How life and love can push us forward and hold us back is at the heart of this tragi-comic drama set in a Cromer cafe.

Time and Tide tells the story of teenager Nemo (Josh Barrow), who is set to leave for London to study drama and his best friend Daz (Ismel Bridgeman), who is less keen on the idea.

Mixed in are the dilemmas facing May (Erin Geraghty) – owner of the cafe they both work in – and her bread supplier Ken (Paul Lavers), whether to flee or fight the onslaught of chain operators.

James McDermott’s script is inspired by some of his own experiences working in a cafe in Holt, although we can only hope for the sake of his customers there was better food hygiene in the real-life version.

A young man stands behind a cafe counter on the set of the play Time and Tide
Josh Barrow as Nemo in Time and Tide.

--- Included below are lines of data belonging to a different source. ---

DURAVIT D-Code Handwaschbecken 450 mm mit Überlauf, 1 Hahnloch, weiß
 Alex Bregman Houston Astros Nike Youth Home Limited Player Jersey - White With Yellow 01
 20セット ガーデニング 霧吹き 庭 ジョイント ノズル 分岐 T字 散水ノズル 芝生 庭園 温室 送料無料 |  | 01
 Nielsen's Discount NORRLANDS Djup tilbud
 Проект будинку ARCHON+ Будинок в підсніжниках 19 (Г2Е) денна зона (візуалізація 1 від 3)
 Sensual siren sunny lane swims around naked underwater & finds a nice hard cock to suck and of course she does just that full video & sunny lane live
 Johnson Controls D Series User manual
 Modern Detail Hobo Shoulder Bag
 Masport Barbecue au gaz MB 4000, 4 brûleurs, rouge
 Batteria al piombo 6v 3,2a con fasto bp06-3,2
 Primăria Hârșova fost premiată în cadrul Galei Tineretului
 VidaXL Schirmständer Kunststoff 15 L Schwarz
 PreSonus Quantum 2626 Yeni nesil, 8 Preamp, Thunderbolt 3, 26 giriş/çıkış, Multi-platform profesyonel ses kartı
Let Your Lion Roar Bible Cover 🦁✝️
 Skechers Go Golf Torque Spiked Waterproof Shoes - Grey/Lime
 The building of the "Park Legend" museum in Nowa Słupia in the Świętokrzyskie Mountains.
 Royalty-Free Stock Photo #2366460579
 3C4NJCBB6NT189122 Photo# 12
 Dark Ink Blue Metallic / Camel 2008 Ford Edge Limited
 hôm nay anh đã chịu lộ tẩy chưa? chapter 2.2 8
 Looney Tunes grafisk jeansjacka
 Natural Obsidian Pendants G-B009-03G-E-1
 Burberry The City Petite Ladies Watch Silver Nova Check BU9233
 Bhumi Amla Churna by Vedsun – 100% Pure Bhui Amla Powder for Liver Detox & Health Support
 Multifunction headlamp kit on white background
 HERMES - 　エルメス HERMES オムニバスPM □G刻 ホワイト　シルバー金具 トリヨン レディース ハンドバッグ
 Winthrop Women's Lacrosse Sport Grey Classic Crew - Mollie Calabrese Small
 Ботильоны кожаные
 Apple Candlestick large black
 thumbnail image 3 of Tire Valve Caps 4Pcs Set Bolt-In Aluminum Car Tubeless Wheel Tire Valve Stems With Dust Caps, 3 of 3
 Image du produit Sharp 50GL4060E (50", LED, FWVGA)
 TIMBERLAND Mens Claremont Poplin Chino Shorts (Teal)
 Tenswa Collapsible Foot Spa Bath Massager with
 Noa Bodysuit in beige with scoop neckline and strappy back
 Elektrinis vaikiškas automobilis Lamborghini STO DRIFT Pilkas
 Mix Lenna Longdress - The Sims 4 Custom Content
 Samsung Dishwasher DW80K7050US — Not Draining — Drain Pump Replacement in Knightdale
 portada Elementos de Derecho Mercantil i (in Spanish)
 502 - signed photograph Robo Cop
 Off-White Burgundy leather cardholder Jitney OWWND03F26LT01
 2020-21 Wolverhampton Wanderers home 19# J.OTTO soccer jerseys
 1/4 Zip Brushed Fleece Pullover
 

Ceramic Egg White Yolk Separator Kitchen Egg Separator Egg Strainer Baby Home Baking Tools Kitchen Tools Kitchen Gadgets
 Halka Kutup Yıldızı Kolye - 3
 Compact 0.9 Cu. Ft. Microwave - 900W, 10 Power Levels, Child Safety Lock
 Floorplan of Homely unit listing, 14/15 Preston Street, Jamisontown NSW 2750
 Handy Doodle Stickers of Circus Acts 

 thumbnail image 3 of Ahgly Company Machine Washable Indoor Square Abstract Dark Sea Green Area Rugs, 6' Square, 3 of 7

Photo: Sarah Rigby.

The stories of gamble, risk and regret that swirl around the set are well told though, and we quickly find ourselves sympathising with the characters and hoping for happy resolutions.

The script is also peppered with some great jokes, both verbal and physical, and multi-layered metaphor that mostly manages to show its hand without slapping us about the face.

Barrow’s performance is the centre of this tight-knit show. I worried at first that we would be getting a rather cliched gay teen, but we get more nuance and depth as the play settles down. There is less subtlety from Bridgeman, but partly because the script gives him less to work with.

Geraghty is warm and engaging as proxy parent May, though her Norfolk accent does wander a little. No such issue for Lavers (still fondly remembered locally for his time as Anglia TV’s Mr Midnight) who reminds of his stage pedigree with a light and charming comic performance.

Three people stand in a cafe set for the play Time and Tide
May (Erin Geraghty), Daz (Ishmel Bridgerman), and Ken (Paul Lavers) in Time and Tide. Photo: Sarah Rigby.

Director Rob Ellis keeps things pacey, with good use made of Caitlin Abbott’s compact set.

It’s an engaging and emotional tale, and one we can all empathise with: the high and low tides of love and desire, and whether or not to dip our toes in the water – unsure if we’ll sink or swim.

  • Time and Tide is on tour across East Anglia: Mercury Colchester, October 1; Theatre Royal Bury St Edmunds, October 4-5; The Seagull, Lowestoft, October 6; Sheringham Little Theatre, October 7-8; Wells Maltings, October 10; The Corn Hall, Diss, October 11; St Georges Theatre, Great Yarmouth, October 12; The Carnegie, Thetford, October 13; Fisher Theatre, Bungay, October 14; Norwich Theatre Stage Two, October 18-23.